# Deep Learning based Recommender System

A recommender system is a system which can predict the future preferences of a set of items for a user and recomment the top items.

This notebook uses the  **Neural Collaborative Filtering** method based on the paper "He, Xiangnan, et al. "Neural collaborative filtering." Proceedings of the 26th international conference on world wide web. 2017" (https://arxiv.org/abs/1708.05031).



# Overview
Let's first review traditional approaches.

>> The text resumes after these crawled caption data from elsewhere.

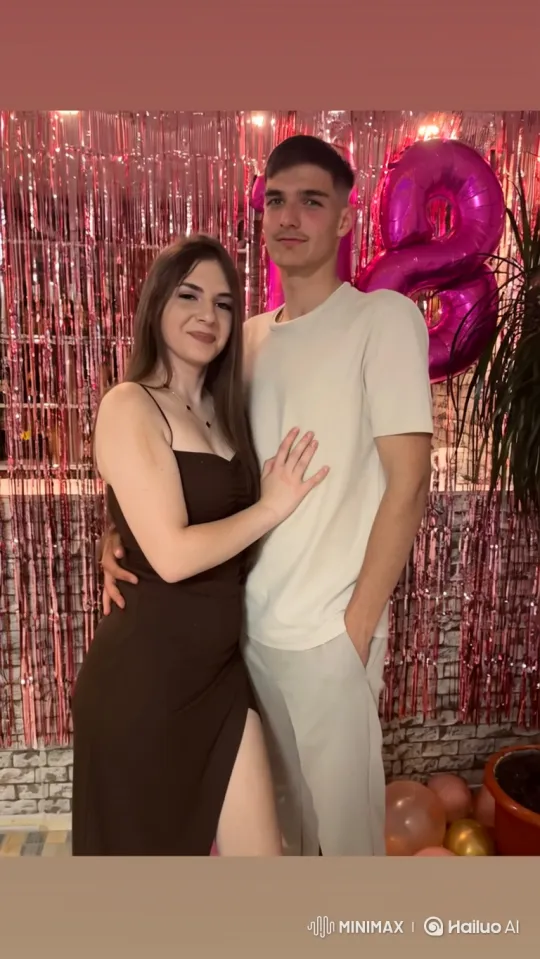 Family Reunion: Couple and Daughter's Joyful Embrace – AI Generated Video | Hailuo AI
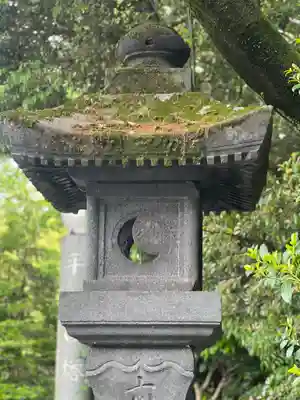 富知六所浅間神社のその他建物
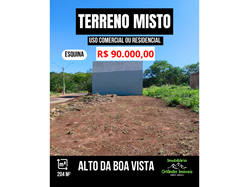 Venda Terreno No Alto Da Boa Vista Orlândia-SP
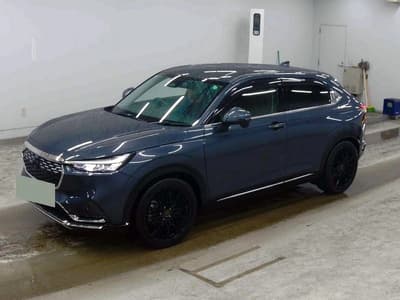 Honda Vezel — 2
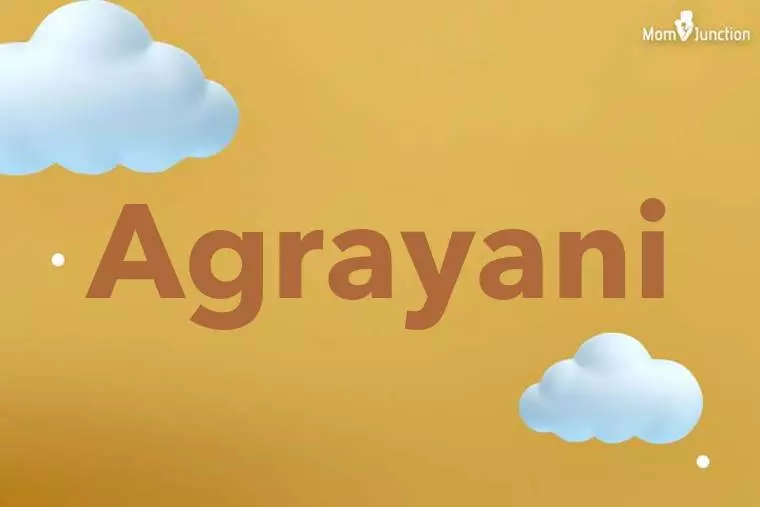 Agrayani 3D Wallpaper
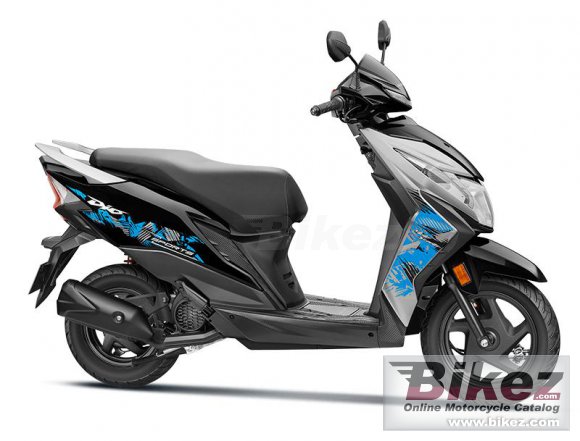 2023 Honda Dio Sports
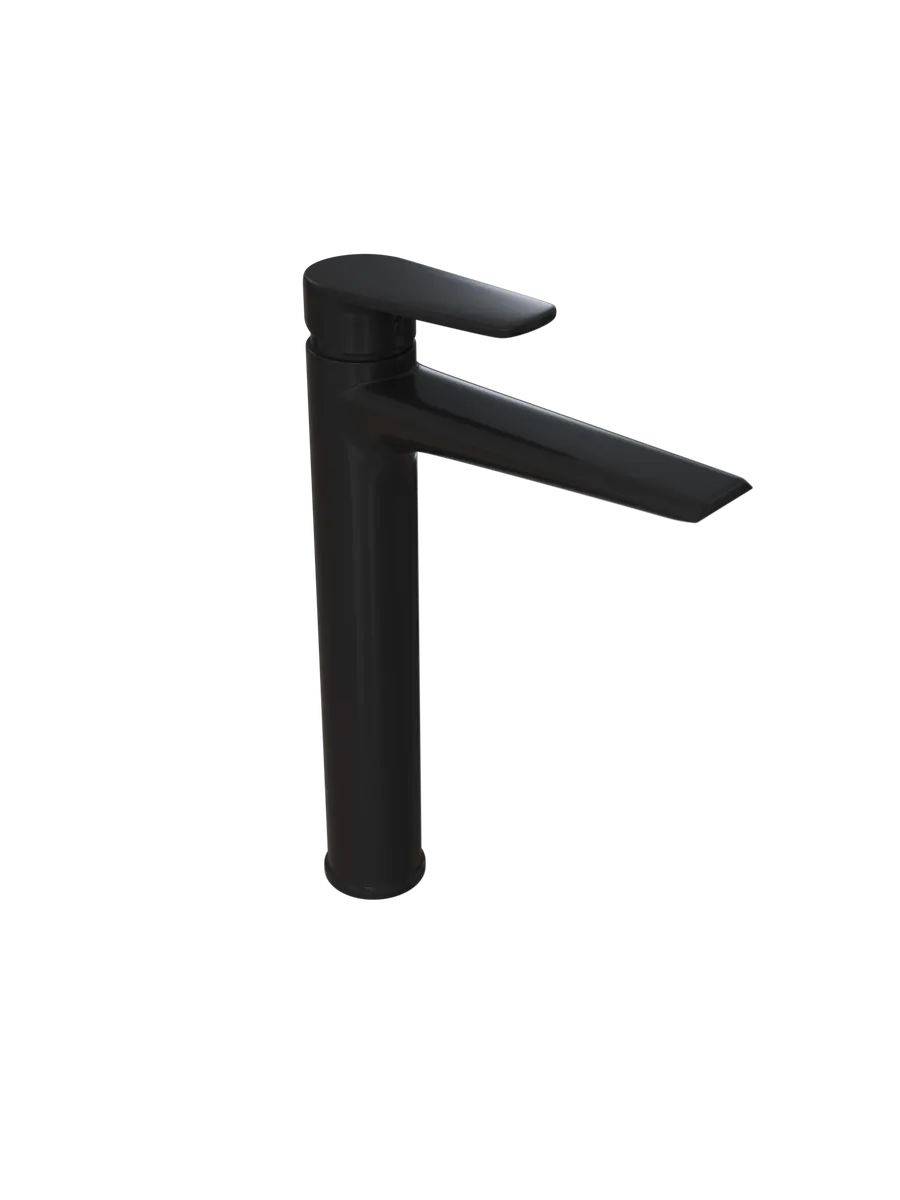 Смеситель для раковины Watersense Lana W00346 черный матовый фото 9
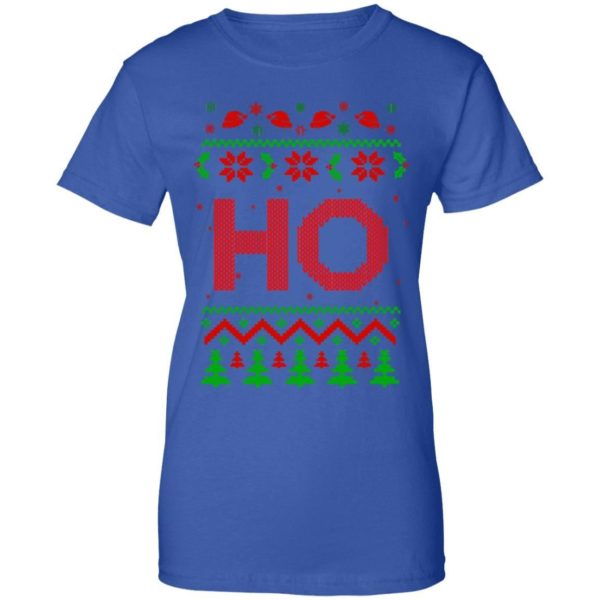 This Is Ho Shirt Ho Christmas Sweatshirt Gift for Husband & Wife Apparel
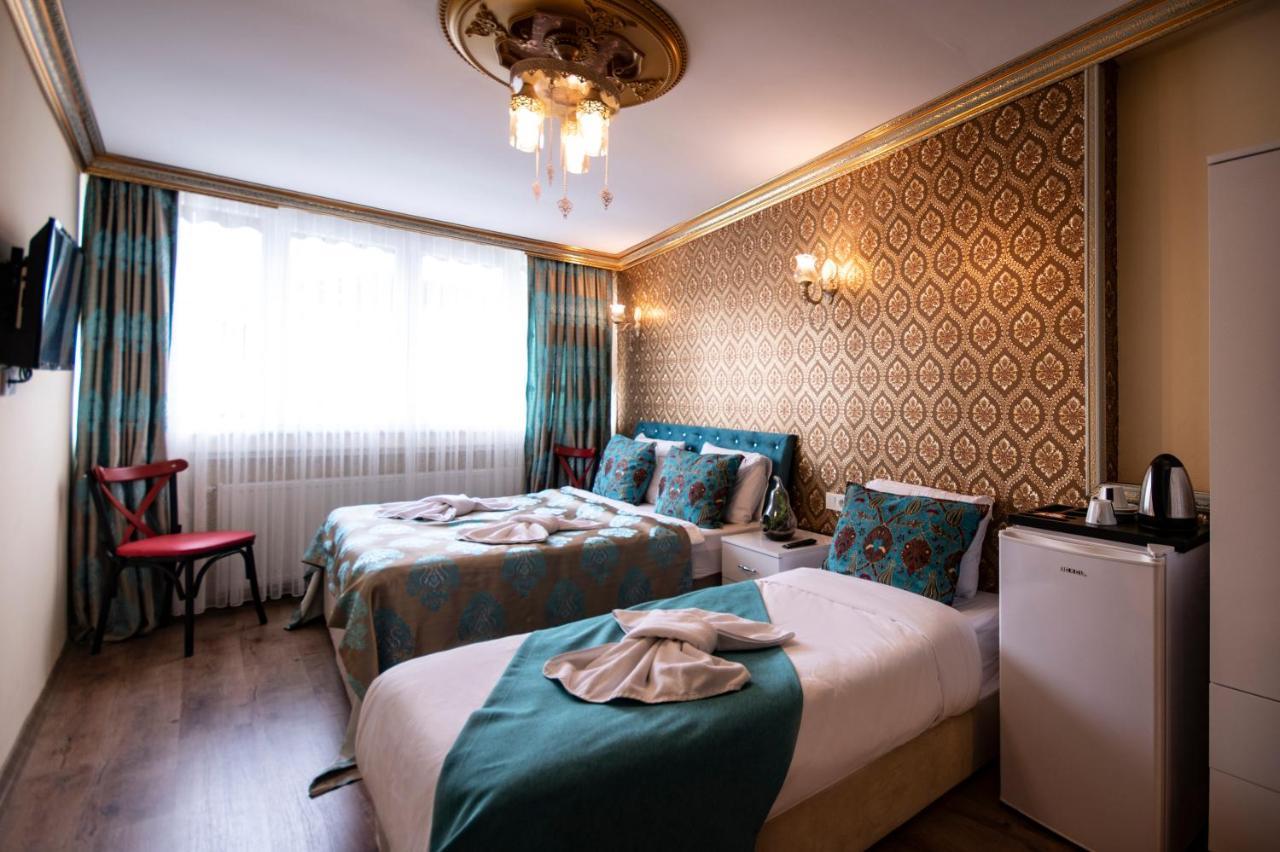 Bed & Breakfast Paris Garden Istanbul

These approached include:  
1. **Content based recommendation**: is based on the each item
2. **Collaborative filtering** :  is based on user's past behavior
    - **user based**: measures the similarity between target users and other users
    - **item based**: measure the similarity between the items that target users rates/ interacts with

Some terms to learn:

- m: number of users

- n: number of items

- $M_{i,j}$: the utility matrix, denoted user i likes item j

- Explicit feedback: how a user rates an item, it is  straigtforward

- implicit feedback: provides a heuristic about how a user likes an item, it is abundant, however, unable to find the negative preferances



# Data Preprocessing

Before we start building and training our model, let's do some preprocessing to get the data in the required format.

In [1]:
import pandas as pd
import numpy as np
from tqdm.notebook import tqdm

import torch
import torch.nn as nn
from torch.utils.data import Dataset, DataLoader
import pytorch_lightning as pl

np.random.seed(123)

In [2]:
ratings = pd.read_csv('./data/rating.csv', 
                      parse_dates=['timestamp'])
ratings.head()

Unnamed: 0,userId,movieId,rating,timestamp
0,1,2,3.5,2005-04-02 23:53:47
1,1,29,3.5,2005-04-02 23:31:16
2,1,32,3.5,2005-04-02 23:33:39
3,1,47,3.5,2005-04-02 23:32:07
4,1,50,3.5,2005-04-02 23:29:40


In [3]:
rand_userIds = np.random.choice(ratings['userId'].unique(), 
                                size=int(len(ratings['userId'].unique())*.1), 
                                replace=False)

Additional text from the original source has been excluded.